Hi everyone,
I have a question: When I write a kernel, I use a small array. For example, I declare“int
a[10]; ” in the kernel. I may use this array much. However, if the access pattern of array a is dynamic, which means I access array a with a dynamic index, then the array is stored in local memory rather than registers. If the array a is accessed very frequently, then I may load array a into shared memory. However, I believe shared memory is still slower than registers.
Do we have other options? Is there any research work on this? What causes it difficult to load the small array in the registers for the hardware/software design? Will nvidia optimize this?
I am not aware of any optimizations the CUDA toolchain is missing in this regard. Generally speaking, registers are not indexable at run time, and this applies to GPUs as well. With optimizations enabled, the CUDA compiler will allocate a small array to registers, if
all indexes can be resolved to compile-time constants
the array is small enough according to an internal heuristic (which may change with architecture and compiler version)

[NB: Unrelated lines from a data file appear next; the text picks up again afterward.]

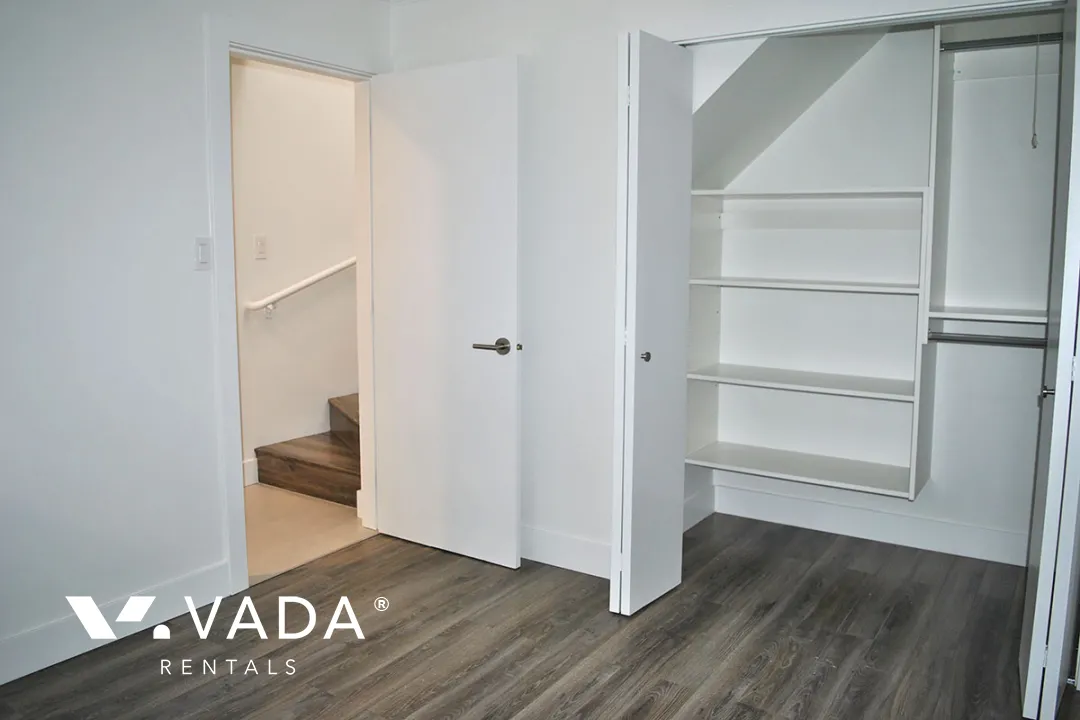 Laurel Court in Fairview - 2 Bedroom Townhouse For Rent in Vancouver at 66 - 870 West 7th Avenue, Vancouver, BC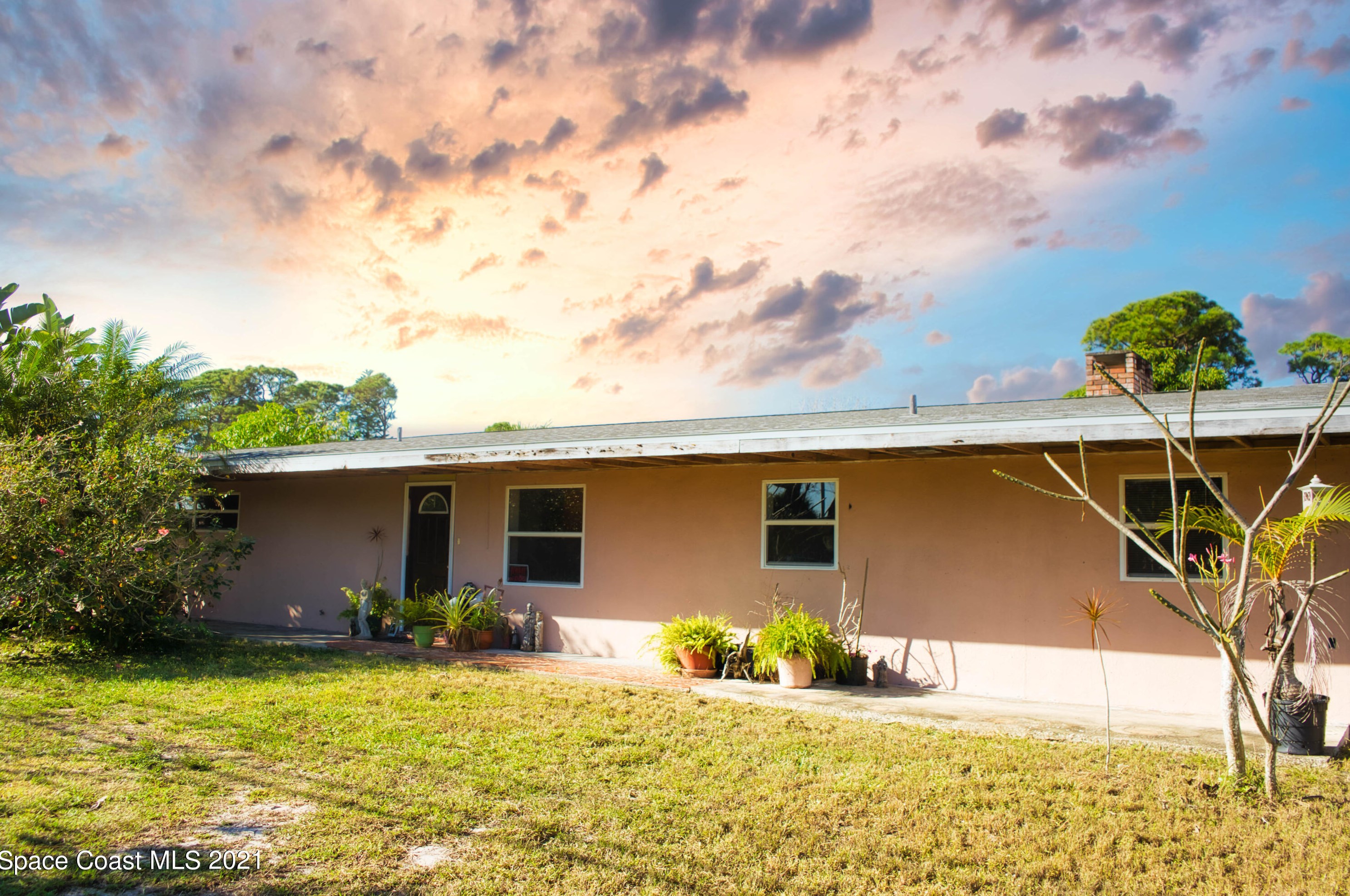 1225 Newfound Harbor Dr, Merritt Island, FL 32952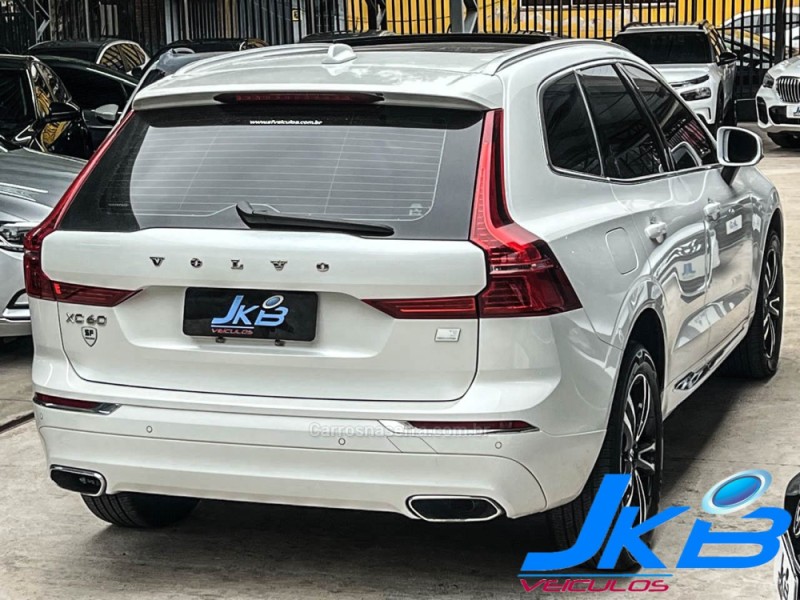 XC60 2.0 T8 MOMENTUM HYBRID GASOLINA 4P AUTOMÁTICO - 2021 - NOVO HAMBURGO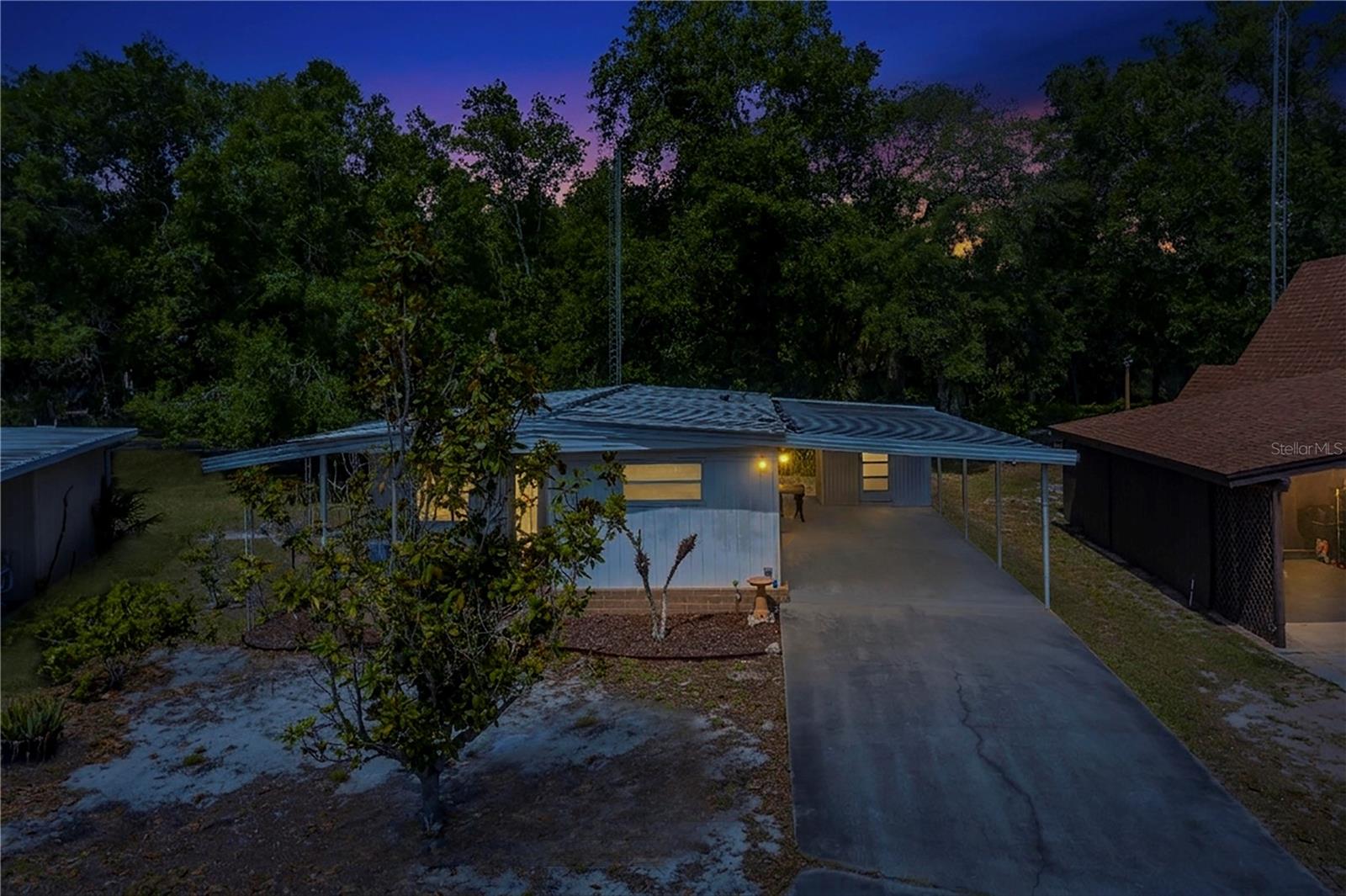 31 Woodland Cir, FL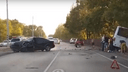 На улице Левобережной в Ростове столкнулись иномарка и автобус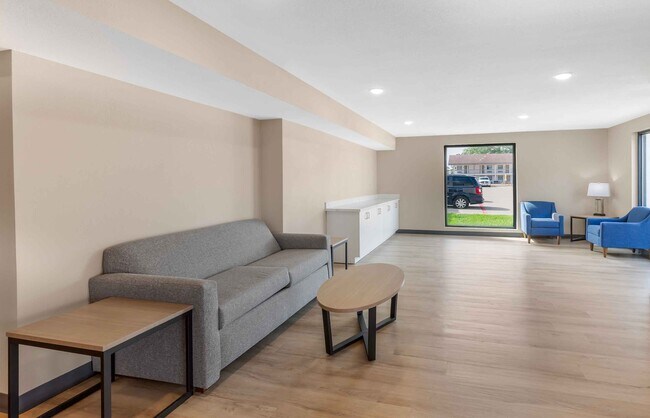 Furnished Studio-Longview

In some cases programmers can assist (1), for example by manually directing the compiler to unroll a loop that the compiler’s unrolling heuristics don’t consider suitable for unrolling.
If access to the small array is mostly uniform across threads in a warp and contains read-only data, consider a constant array. Empirically, “mostly uniform” can be defined as no more than three different addresses being presented across a warp.
For a dynamically indexed small array accessed in read/write fashion, shared memory would be a suitable choice. Pay attention to bank conflicts; check on that with the CUDA profiler. In general, let the CUDA profiler guide optimization efforts. The focus of this question could be a micro optimization or XY problem.